- St George's Cross
- Active: 1469 – 1598
- Allegiance: Frederick III, Holy Roman Emperor (1469–1493) Maximilian I, Holy Roman Emperor (1493–1519)
- Type: Catholic religious order (military order)
- Headquarters: Millstatt Abbey Wiener Neustadt
- Patron: Saint George
- Attire: White mantle with a red cross

Commanders
- First Grand Master: Johann Siebenhirter (1469–1508)
- Second Grand Master: Johann Geumann (1508–1536)
- Third Grand Master: Wolfgang Prandtner (1536–1541)
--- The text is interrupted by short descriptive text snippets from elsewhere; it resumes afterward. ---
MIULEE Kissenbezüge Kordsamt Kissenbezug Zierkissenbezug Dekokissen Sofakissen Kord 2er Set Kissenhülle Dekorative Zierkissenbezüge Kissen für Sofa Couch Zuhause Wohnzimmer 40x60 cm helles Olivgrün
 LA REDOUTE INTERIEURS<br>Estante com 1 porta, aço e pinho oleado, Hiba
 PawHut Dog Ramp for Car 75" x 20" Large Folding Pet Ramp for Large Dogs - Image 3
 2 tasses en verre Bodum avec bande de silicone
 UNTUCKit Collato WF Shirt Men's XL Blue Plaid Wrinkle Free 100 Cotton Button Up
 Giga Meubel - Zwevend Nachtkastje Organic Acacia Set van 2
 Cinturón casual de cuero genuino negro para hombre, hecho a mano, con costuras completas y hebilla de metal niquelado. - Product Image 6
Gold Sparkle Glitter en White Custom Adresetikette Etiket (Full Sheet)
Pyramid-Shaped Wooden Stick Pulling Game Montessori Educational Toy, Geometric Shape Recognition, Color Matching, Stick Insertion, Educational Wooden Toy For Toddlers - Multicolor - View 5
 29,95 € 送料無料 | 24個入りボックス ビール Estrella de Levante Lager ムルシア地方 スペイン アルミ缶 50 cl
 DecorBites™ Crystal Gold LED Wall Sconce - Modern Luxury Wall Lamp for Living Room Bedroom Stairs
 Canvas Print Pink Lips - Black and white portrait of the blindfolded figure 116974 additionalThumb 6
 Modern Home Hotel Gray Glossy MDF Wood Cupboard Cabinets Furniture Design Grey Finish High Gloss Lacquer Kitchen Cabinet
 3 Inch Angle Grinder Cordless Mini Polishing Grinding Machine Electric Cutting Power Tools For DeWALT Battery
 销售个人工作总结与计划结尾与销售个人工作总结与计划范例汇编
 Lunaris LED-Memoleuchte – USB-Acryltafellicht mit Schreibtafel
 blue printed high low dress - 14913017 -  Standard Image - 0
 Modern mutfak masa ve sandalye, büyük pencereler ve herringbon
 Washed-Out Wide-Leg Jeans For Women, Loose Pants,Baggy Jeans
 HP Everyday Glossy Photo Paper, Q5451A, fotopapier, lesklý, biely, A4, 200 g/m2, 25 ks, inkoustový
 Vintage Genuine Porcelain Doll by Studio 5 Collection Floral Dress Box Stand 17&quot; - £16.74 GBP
= Order of Saint George (House of Habsburg) =

The Order of Saint George (Ordo militaris Sancti Georgii; St. Georgs-Orden) is an Austrian chivalric order founded by the Habsburg emperor Frederick III and Pope Paul II in 1469. Established as a military order to advocate the Christian faith, its original implicit goal was to combat the Ottoman incursions into the Inner Austrian lands of Styria, Carinthia and Carniola. The order resided at Millstatt Abbey and in Wiener Neustadt, until in 1598 its properties were handed over to the Jesuit college in Graz.

==History==

===Frederick III===
In 1462 Emperor Frederick III and his court were besieged within the Hofburg by his brother, Archduke Albert VI of Austria, and a rebel army of insurgent citizens. While barricaded within the palace, Frederick made a vow that if he were to overcome the siege, he would undertake a pilgrimage to Rome, find a diocese, and establish a chivalric order in honour of Saint George. In 1463 Albert suddenly died, leaving Frederick III's rule uncontested and breaking the siege.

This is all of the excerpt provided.